Recommended Equipment and Materials
The following steps are similar to those in replacing the pitching rubber.
- To start, take a long nail and place it in the ground at the apex of home plate. This will act as a reference guide when dropping the new plate into the existing foundation.
HINT: It is a good idea to stretch string from the 1st base and 3rd base lines past home plate. The two strings will intersect at the apex where you have placed your nail. If the walls collapse and the nail falls, you will have a back up mark where the strings cross.
- With a pick dig out in front of the plate, exposing the entire front base of the plate.
- Dig out one side of the plate in a similar manner.
- A person should support the back edges by standing with their feet apart at the apex of home plate (see diagram below); slowly and carefully pry out the plate from the front. This should leave three supporting walls in tact. Remove feet so you don’t collapse walls.
- Once the plate is removed, eliminate any excess material in or surrounding the hole.
- Take some packing clay and spread and level it in the base of the foundation.
- Place new home plate into existing foundation.
- For proper accuracy, use a carpenter’s level and tamp to level the plate from front to back and side to side.
- Once the plate is leveled, fill all voids surrounding the plate with prepared packing clay.
- Lightly tamp the new material so it will firm up and bond with the existing soil.

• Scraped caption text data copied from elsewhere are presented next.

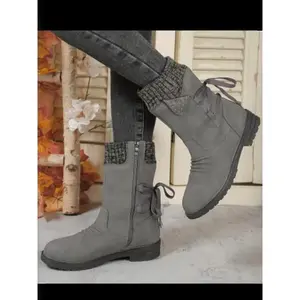 Women's plus velvet and cotton flat-soled mid-tube boots, rivet-inlaid bow-decorated snow boots, wool elastic neckline comfortable, warm, fashionable and versatile suitable for winter outdoor travel shoes, Elegant boots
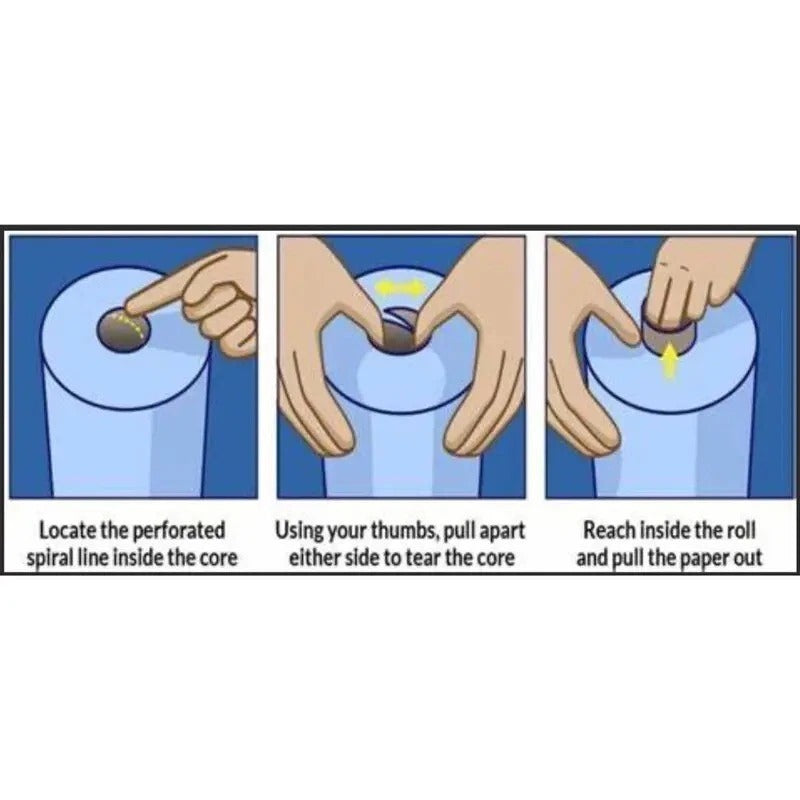 24 Rolls 2Ply Blue Centre Feed Paper Towels – 45M Embossed Wiper Rolls for Clean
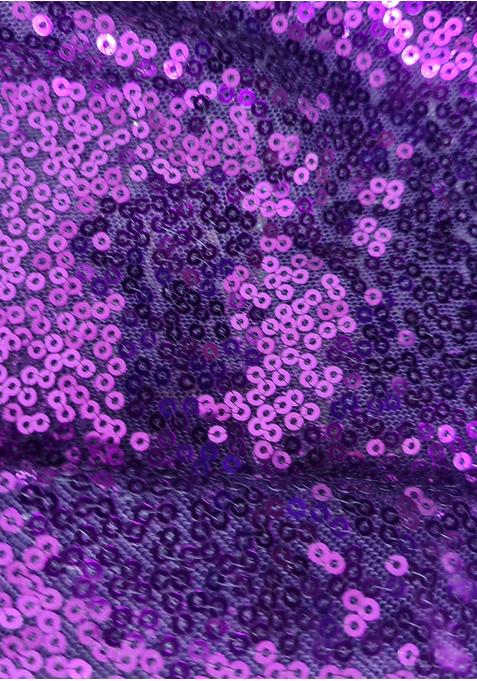 Purple Sequin Blouse Chiffon Pre Draped Saree Set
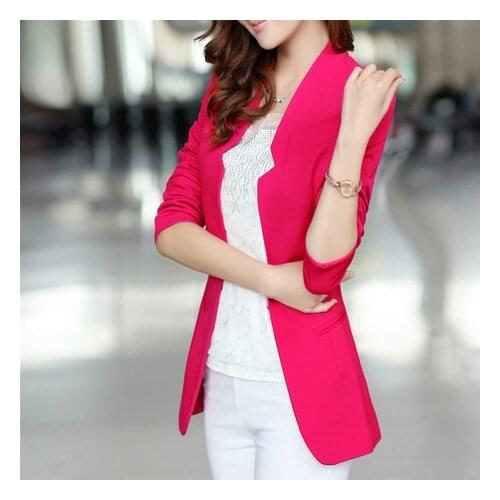 Women style 2020 new spring autumn fashion casual work clothing sleeve small long v-neck solid ladies blazer S0606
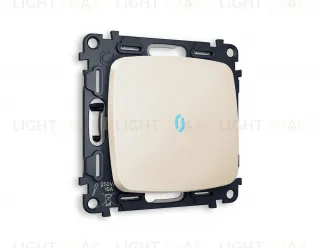 Переключатель одноклавишный (из 2-х мест) с подсветкой (голубой свет) Ambrella Volt Omega 10A/250В бежевый глянец VM105+G29B+OP3020 VM105 + G29B + OP3020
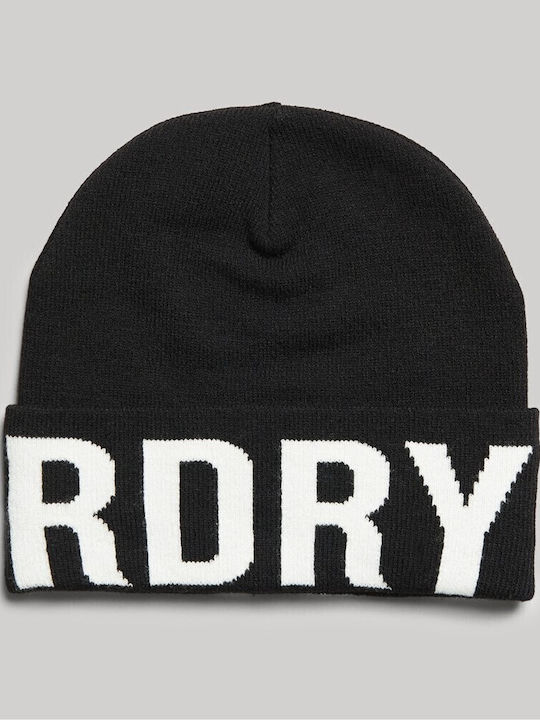 Mountain Knitted Beanie Cap Navy Blue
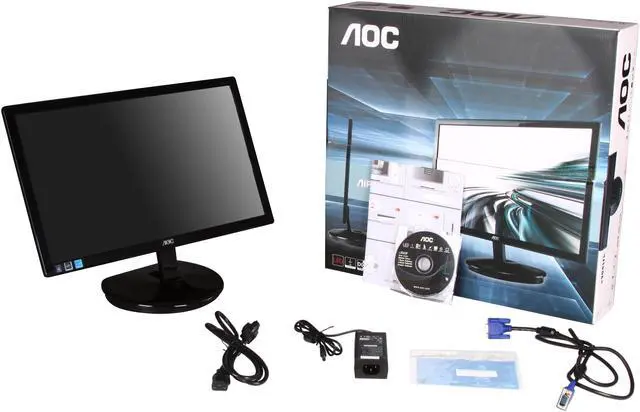 Alt view image 7 of 7 - AOC e2043Fk Black 20" 5ms LED Backlight LCD Monitor Slim Design 250 cd/m2 50,000,000:1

- Make sure the batter's box and the catcher's box are built up to where they are perfectly level with the top of the plate. If home plate is elevated, even by the slightest amount, it can be a safety hazard. Leveling can be accomplished by adding clay, smoothing with the ten foot 2" x 4" placed on top of home plate and then lightly tamping.
ONLY THE WHITE LEVEL PORTION OF THE PLATE SHOULD BE VISIBLE. THE BLACK SLOPING SIDES SHOULD BE COVERED WITH DIRT.
HINT: Many times a home plate is anchored with a cement anchor or a wooden base. This provides added security from home plate movement and makes replacement easier. Consult a base company for ways to accomplish this.